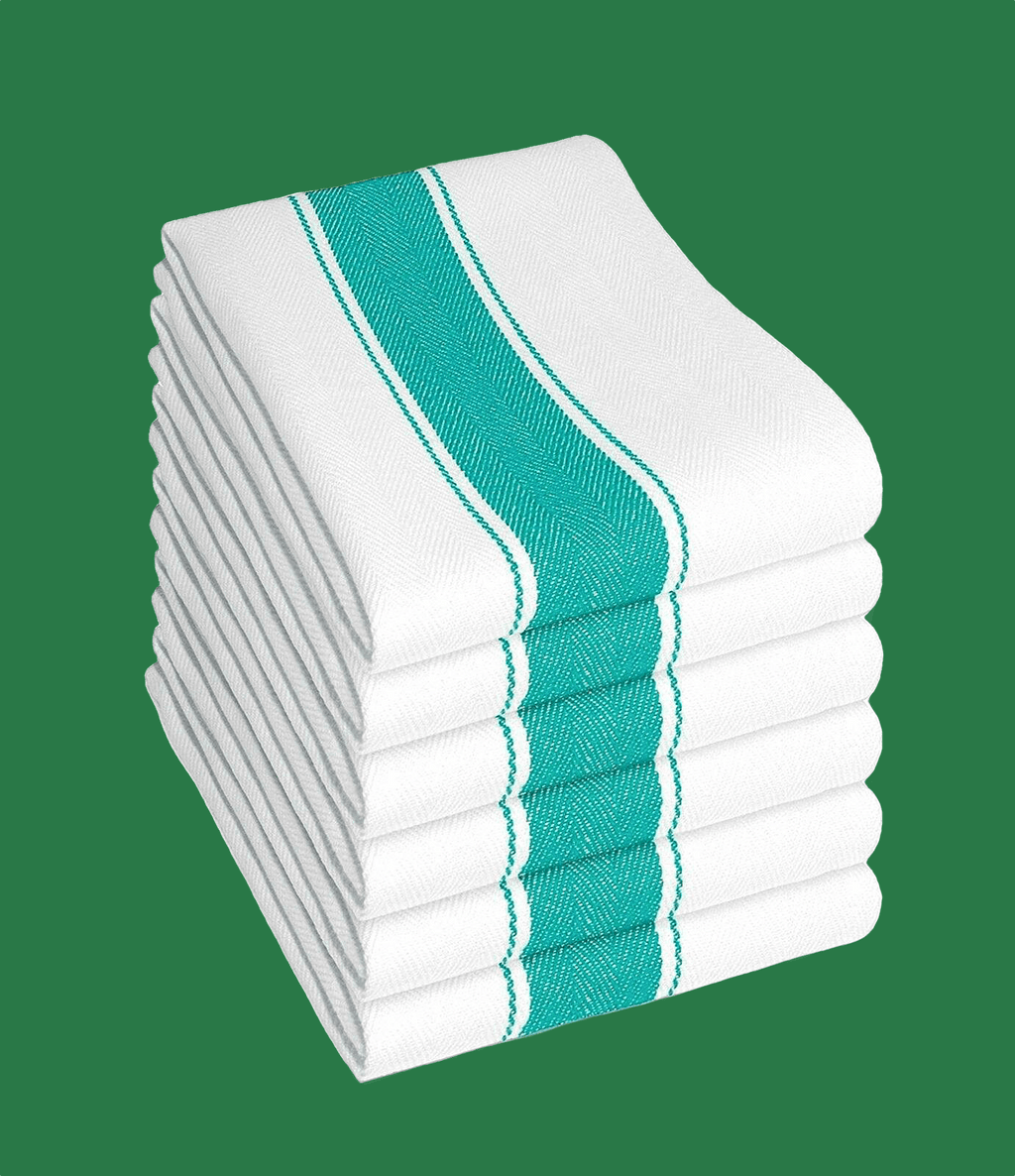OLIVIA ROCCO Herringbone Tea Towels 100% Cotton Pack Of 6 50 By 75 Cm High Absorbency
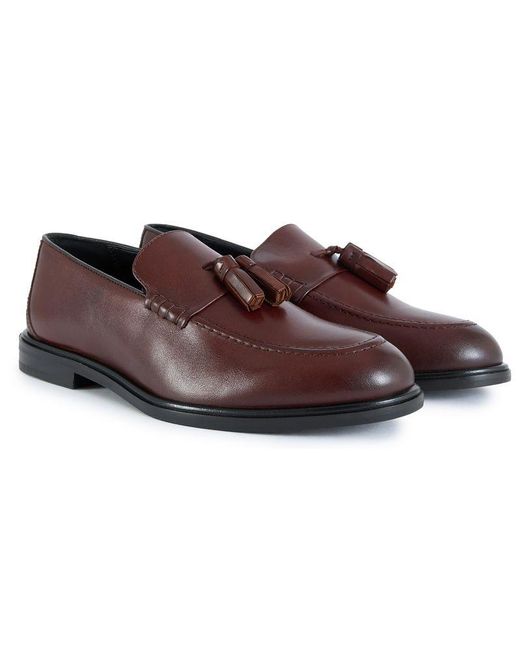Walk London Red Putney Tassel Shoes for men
_ _ _ _ _ _ _
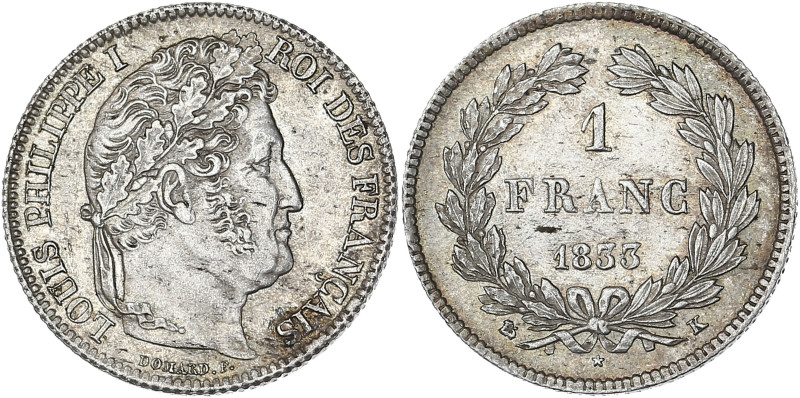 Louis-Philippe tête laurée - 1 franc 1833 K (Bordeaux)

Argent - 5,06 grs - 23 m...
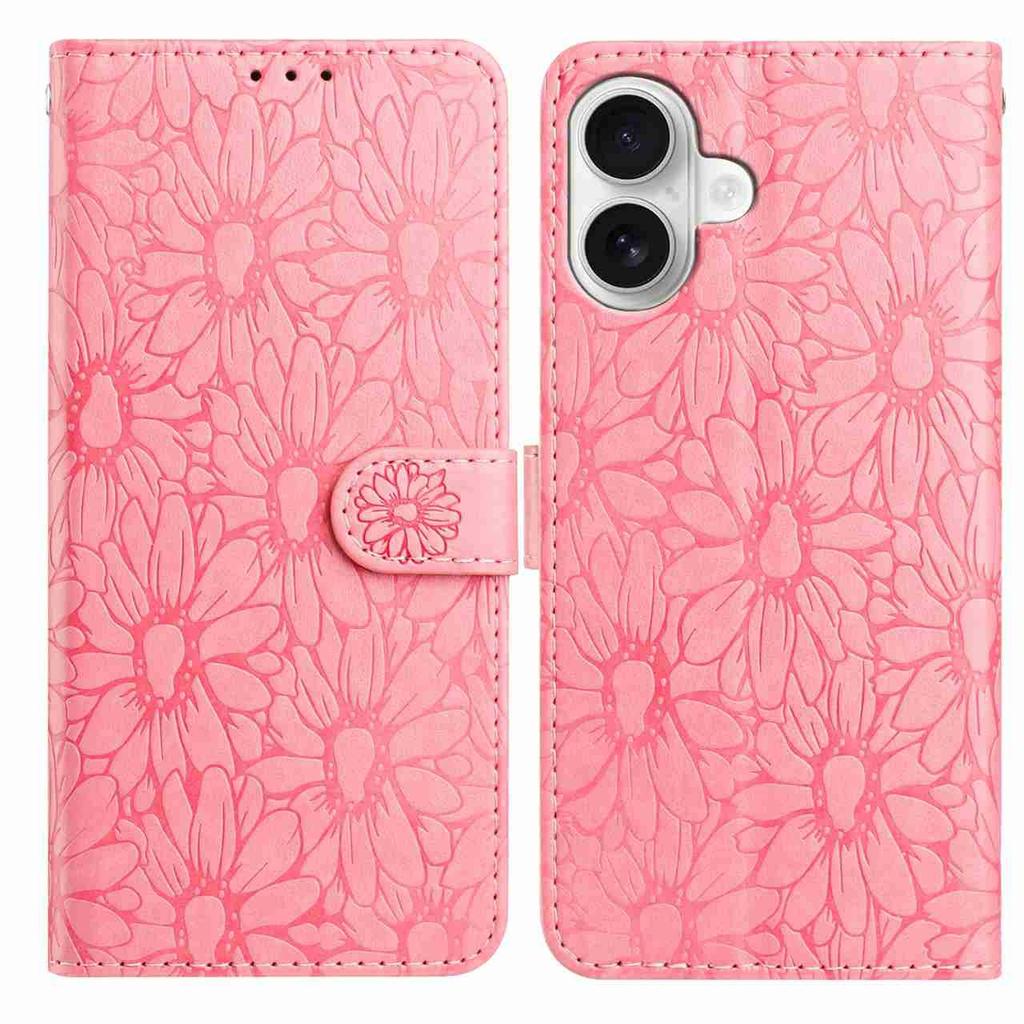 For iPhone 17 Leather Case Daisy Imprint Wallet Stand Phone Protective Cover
_ _ _ _ _ _ _
Using the data above, output the line that has "Louis-Philippe tête laurée", the line that has "For iPhone 17", and whatever lines fall between, each exactly as it stands and without pictures.

 Louis-Philippe tête laurée - 1 franc 1833 K (Bordeaux)

Argent - 5,06 grs - 23 m...
 For iPhone 17 Leather Case Daisy Imprint Wallet Stand Phone Protective Cover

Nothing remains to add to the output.